Resiliency and Partitioning
- Horizontal Partitioning: Each partition has a maximum size of 50GB.
- Replica Sets: Each set contains four replicas with one leader, where changes are propagated to the leader.
- Global Distribution: Peer-to-peer links can be established between all nodes.
Data Structures and Indexing
- Unique Data Structures:
- B+ tree: A traditional choice for low write throughput but can be slow with many indices.
- BW tree: Offers lock-free updates using compare and swap techniques.
Conflict Resolution
- Write Conflicts: Strong consistency can prevent write conflicts. Classic B-trees require locking, which can slow performance.

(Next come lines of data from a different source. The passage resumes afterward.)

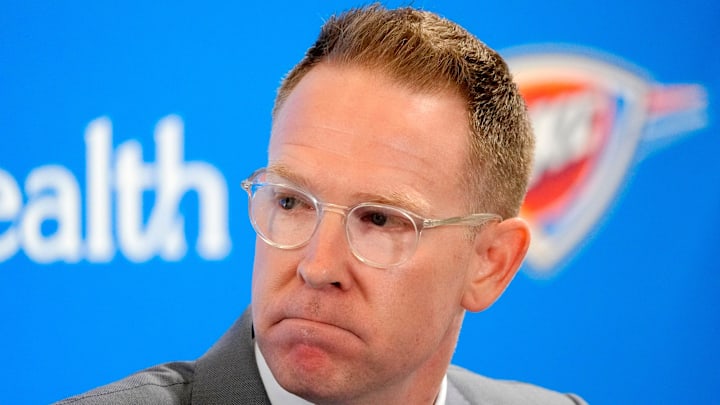 Thunder general manager Sam Presti speaks during an introductory press conference for the 2024 Thunder draft picks at Oklahoma Contemporary Arts Center in Oklahoma City, Saturday, June, 29, 2024.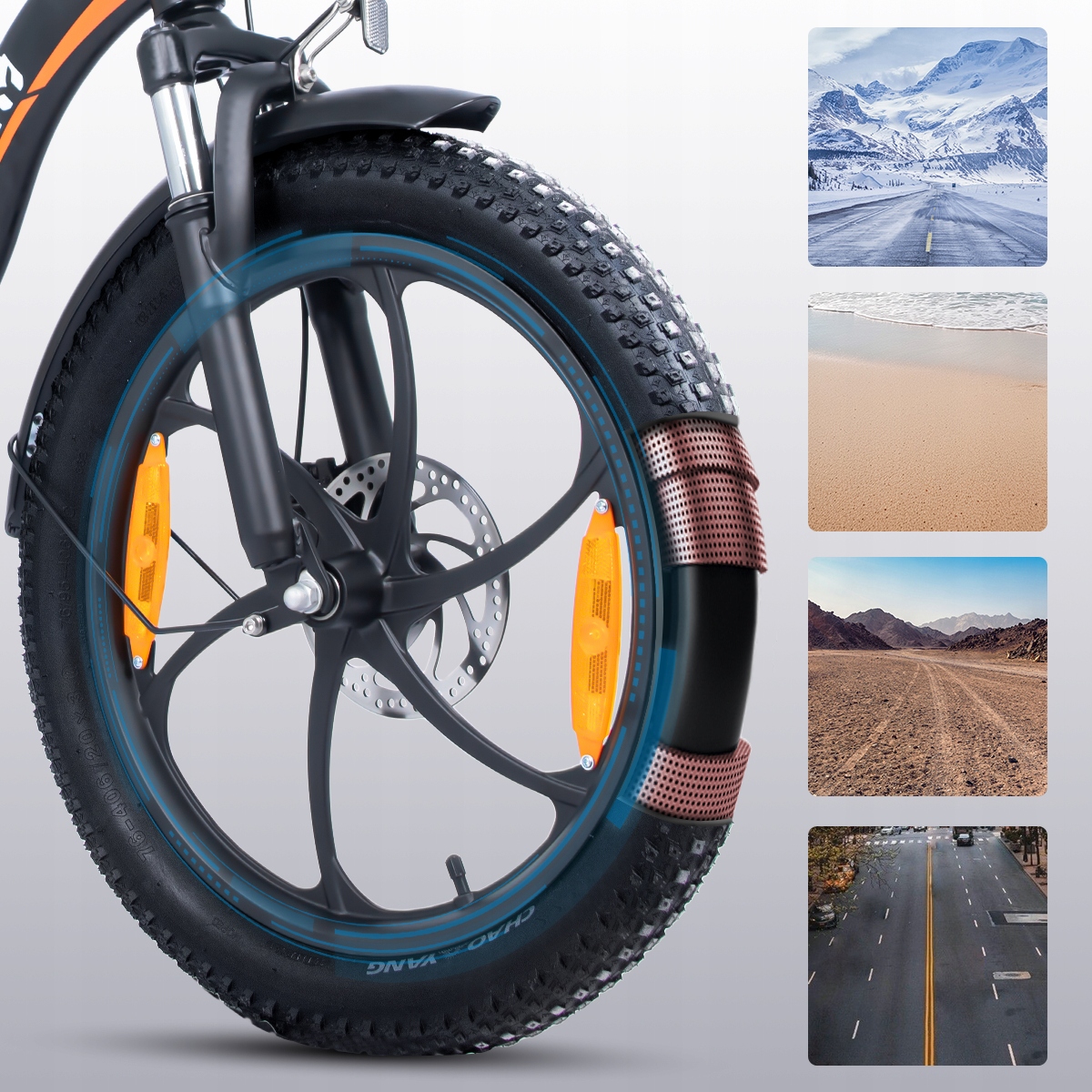 Cheevalry 16AH 100KM Faltbares Elektrofahrrad Damen/Herren 20*3.0" E-Bike Marke Cheevalry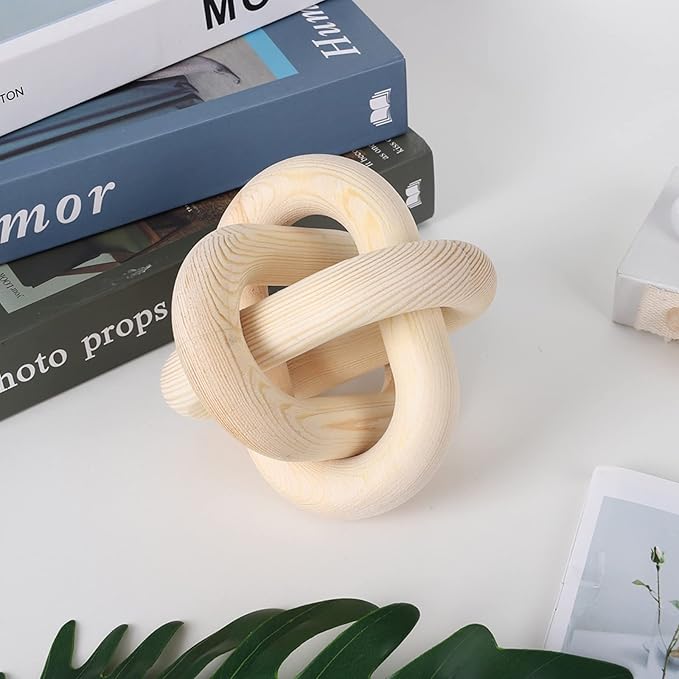 Ochine Wood Chain Link Decor 3 Link Decorative Chain Knot Hand Carved Pine Wood Chain Decor Modern Farmhouse Coffee Table Decor Wooden Rustic Chain Decor Boho Bead Garland for Living Room Bedroom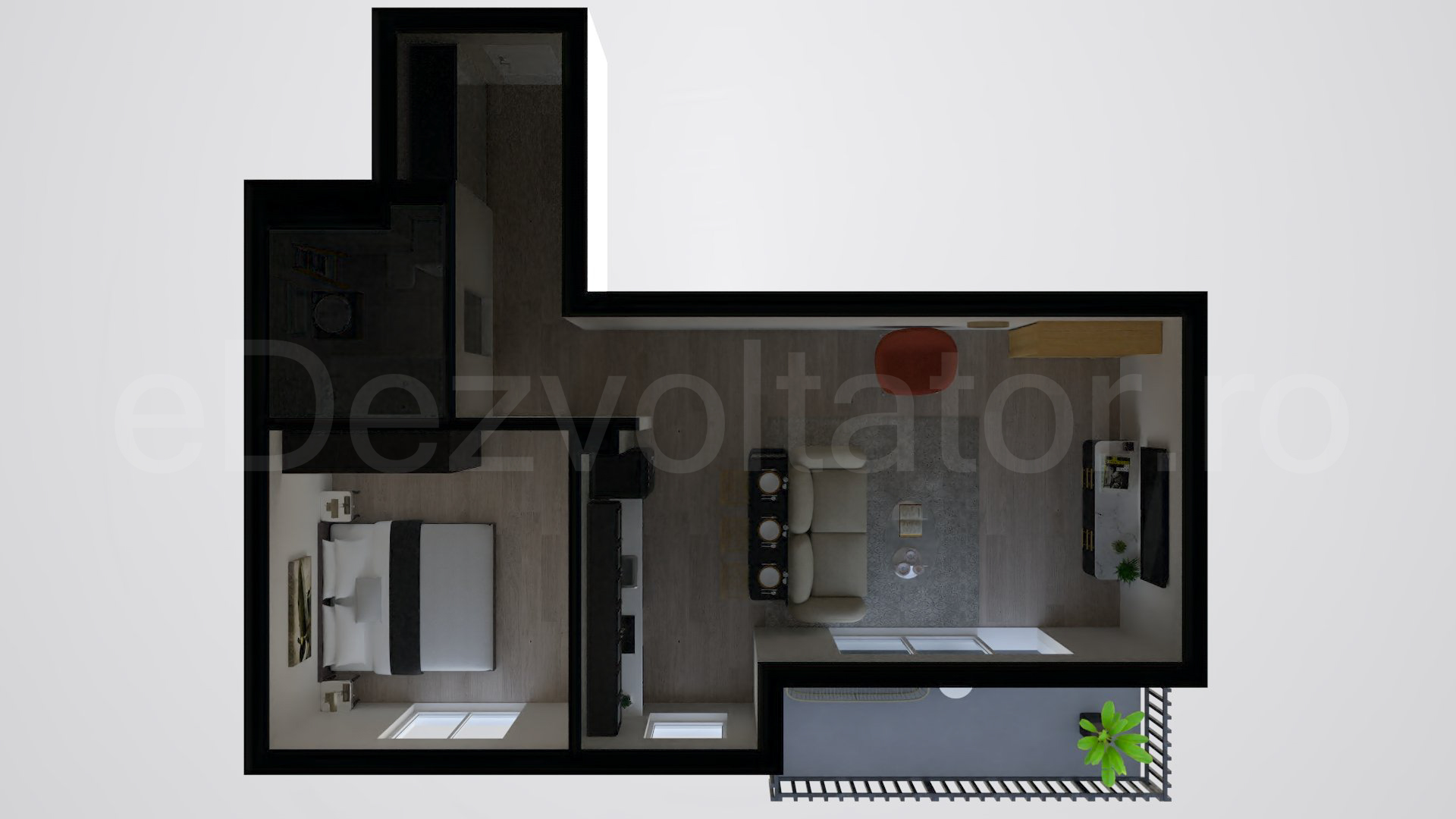 Simulare iluminat natural  Apartament 2 camere 63 mp Triama Residence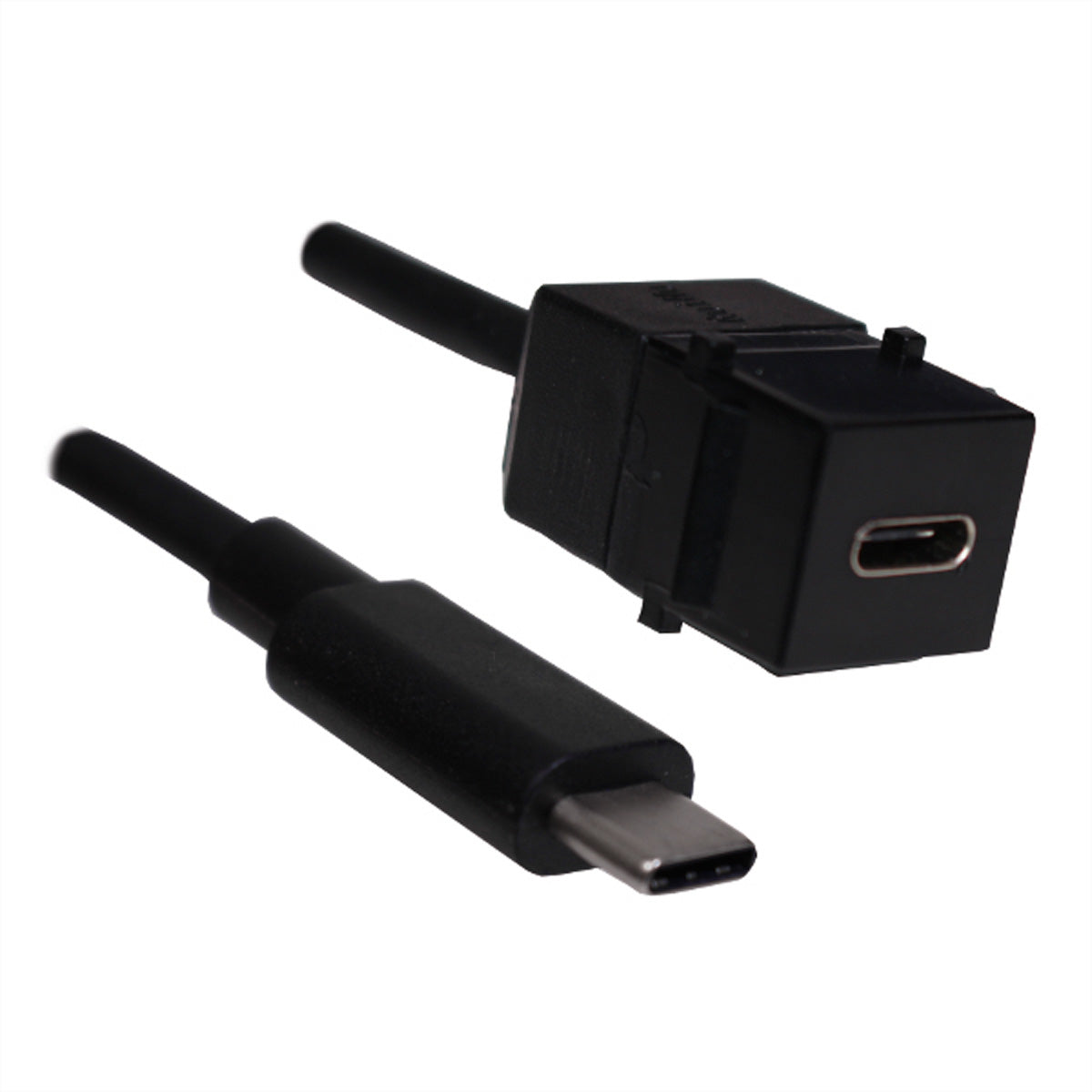 Bachmann Keystone-Modul USB-C, 1×USB-C PD 60 W, 0,5 m Kabelpeitsche, 220×135×20 mm – schwarz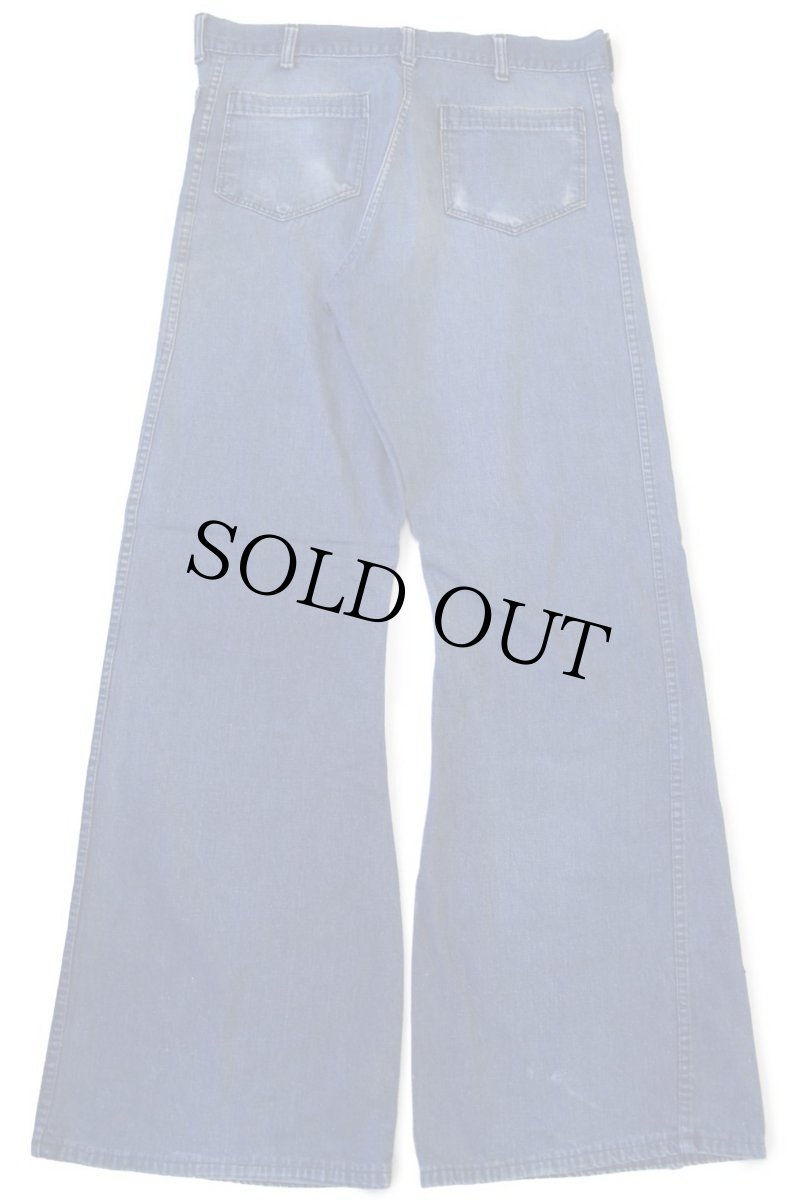 画像3: 70s navdungaree フレア デニム セーラーパンツ w35 (3)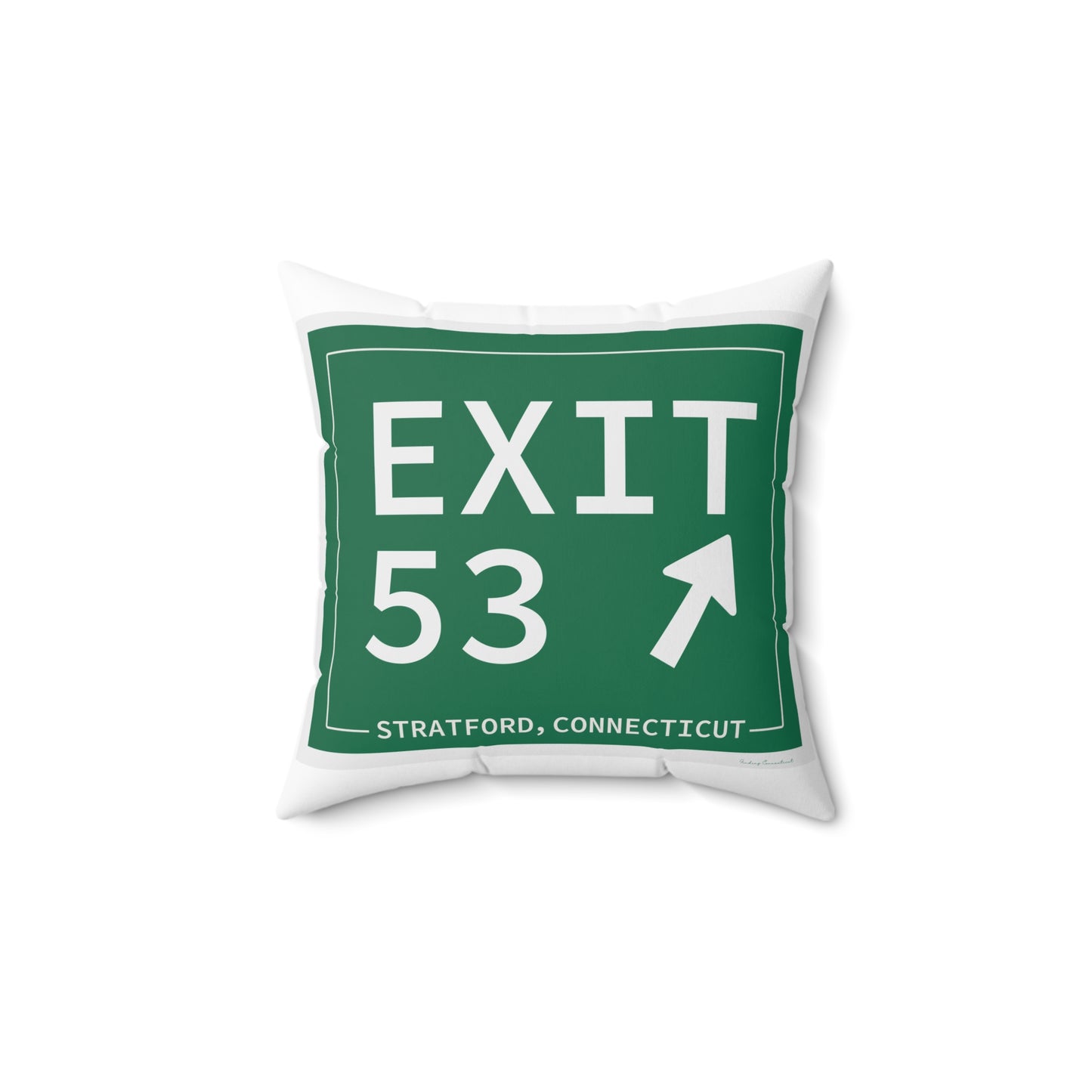 Vintage Exit 53  Merritt Parkway Sign Spun Polyester Square Pillow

- Delta Writes: To improve throughput, deltas are written on top of the base page, with conflict detection during compare and swap.
Comparison with DynamoDB
- DynamoDB Features:
- Offers an optional sort key and supports global secondary indices (limited to six).
- CosmosDB supports indexing on all JSON fields and offers more query types.
Pros and Cons of NoSQL vs SQL Databases
-
NoSQL:
- Pros: Flexible schema design, horizontal scaling, performance tuning based on workloads.
- Cons: Often favors availability over consistency, limited query capabilities (e.g., no joins).
-
SQL:
- Pros: ACID compliance, structured schema, supports complex queries (joins).
- Cons: Performance bottlenecks with large data sets.
Use Cases
- SQL Use Cases: E-commerce, financial systems, content management systems.
- NoSQL Use Cases:
- Social media, graph databases, chat applications, big data (e.g., Cassandra for Netflix).
- High write-throughput applications (e.g., Philips Hue using DynamoDB).
- Hybrid cases in gaming (e.g., Redis for leaderboards) and e-commerce (personal recommendations).
This document serves as a comprehensive overview of the key discussions and technical insights shared during the meeting regarding the inventory management system and its underlying database architecture.